The boots were so heavy that Dali could hardly lift his feet and he had to be bundled onto the stage with the support of his stumbling assistants. Once there he stood motionless in the full deep-sea diver suit holding two white Russian wolfhounds on a leash. Then he tried to begin his lecture on Fantomes paranoiaques authentiques or, since he was in London, authentic paranoid fantasies.

When the eccentric Lord Berners had hired the suit for the show, he had been asked to what depth exactly the artist was intending to sink. The reply, of course, was that Dali intended to descend to the level of the subconscious. As it turned out, no one had thought to include breathing apparatus with the suit and it was only when the great man started to deliver himself of his thoughts on paranoia that he realised no one would be able to hear him from behind the glass porthole of his helmet. Not only that, but he was beginning to suffocate. Luckily, swift action from Surrealist patron Edward James and a hammer saved Dali from a descent into the unconscious.
The audience that day in June 1936, unaware that the artist was in real danger of expiring before them, had accompanied the wild thrashings around of Dali and his rescuer with sustained, enthusiastic applause. For them it was all just the kind of exciting unexpected thing that these new artists were getting up to. They had already seen in the halls of the New Burlington Gallery the works of Dali, Miro, Rene Magritte and Max Ernst among others in the first major UK exhibition of Surrealist art. In their thousands, they had marvelled at noses growing into pipes, clocks melting and fur-lined tea cups.
For the man in the street, the man on the Clapham omnibus and most of John Bull’s readers, though, good art was art that cleverly reproduced the appearance of recognisable things. The comment of a reporter on the Sheffield Independent who had been despatched to the London show summed up this attitude. Praising the technique of the artists, he went on to say with some regret that most of them could “obviously do ‘straight’” if they put their minds to it. In fact, he was only getting the satisfaction of technical virtuosity because of the realism that had to be there before it could be subverted to become surreal. What he would have thought of later developments like colour field painting or performance art can be only be guessed. 

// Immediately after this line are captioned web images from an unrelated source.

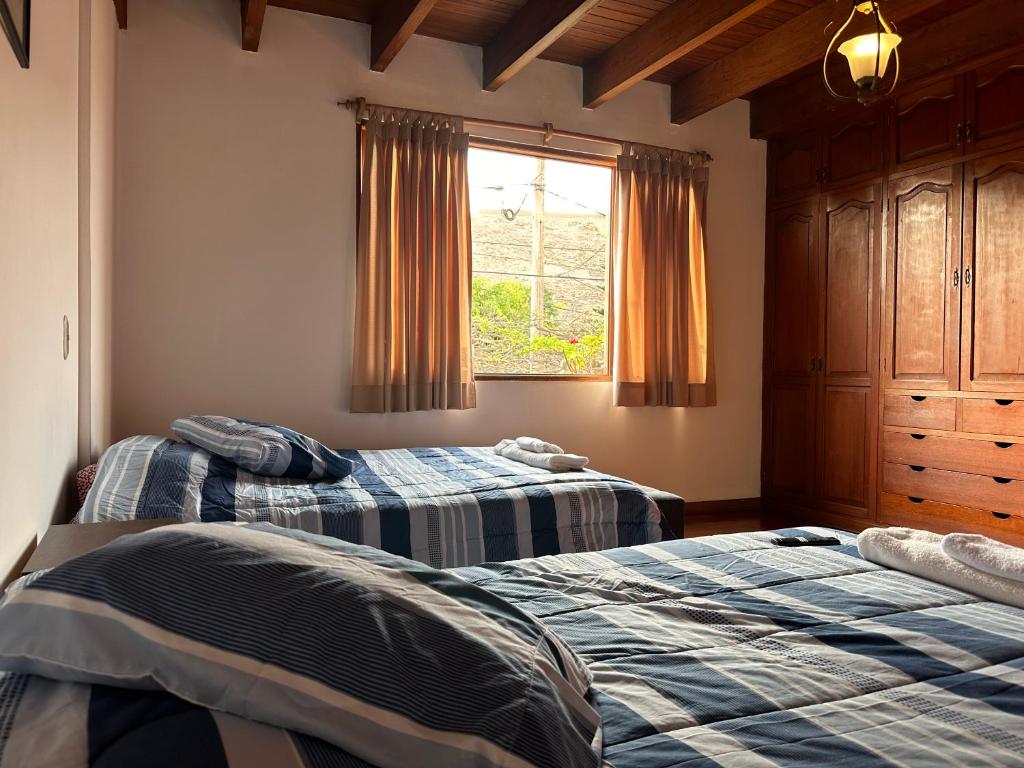 1 dormitorio con 2 camas y ventana en Habitacion doble vista a la Huaca Miraflores, en Lima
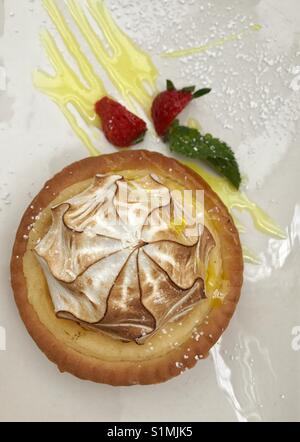 Auf leckere Lemon Meringue Tarte mit Erdbeere und Minze garnieren auf weiße Platte mit Puderzucker bestäubt Stockfoto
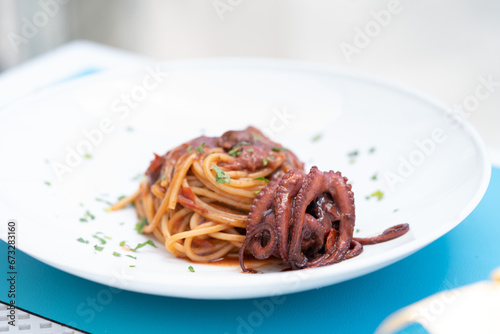 Spaghetti di Gragnano alla Luciana (with real octopus), bronze drawn pasta from Gragnano, spaghetti with octopus and piennolo tomatoes photo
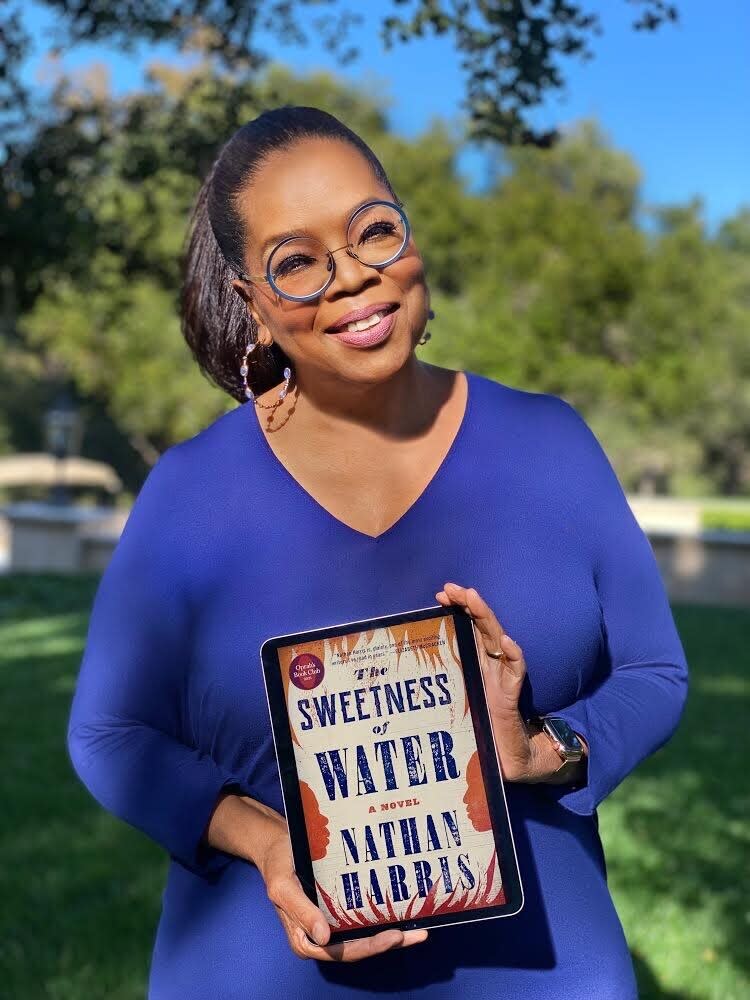 Oprah Winfrey poses for a photo with an iPad, displaying the cover image for her Oprah's Book Club selection "The Sweetness of Water" by Nathan Harris. The 29-year-old Harris, whose book comes out Tuesday, has said he wanted to show what it was like in the South after slaves were emancipated. A discussion between Winfrey and Harris will air July 23 on Apple TV+. (Harpo, Inc. via AP)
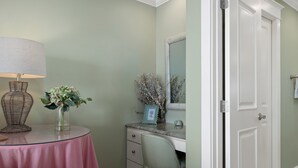 A room with a round table, a lamp, a vase with flowers, a dresser, a mirror, and a door.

The reaction of a large part of the general British public to modern art has always been marked by contempt and/or derision, fuelled by a deep suspicion of all things intellectual. There’s a feeling that someone is trying to pull the wool over our eyes, usually for personal advancement and money. More often than not, this antipathy is manifested as humour. Tony Hancock's rebel was the best of many comic portrayals of the modern artist and, over the years, a whole genre of newspaper cartoons has developed with the pretensions of modern art as its target.

The mockery in this Bullet revolves around one of the most often expressed put-downs of modern art. Given the technical competence of the Surrealist painters, the old ‘my 5-year old could have done that’ won’t wash. So the next most obvious deviation from notions of good art is that it is impossible to tell what is going on in the picture, so most normal people would have no idea which way up it should go.

This is the top.

Family Corner:

Did Dad like art?
What art did Dad like?
What pictures did we have on the walls at Christchurch Street (1940s-1970s)
Were your artistic achievements and aspirations celebrated and encouraged?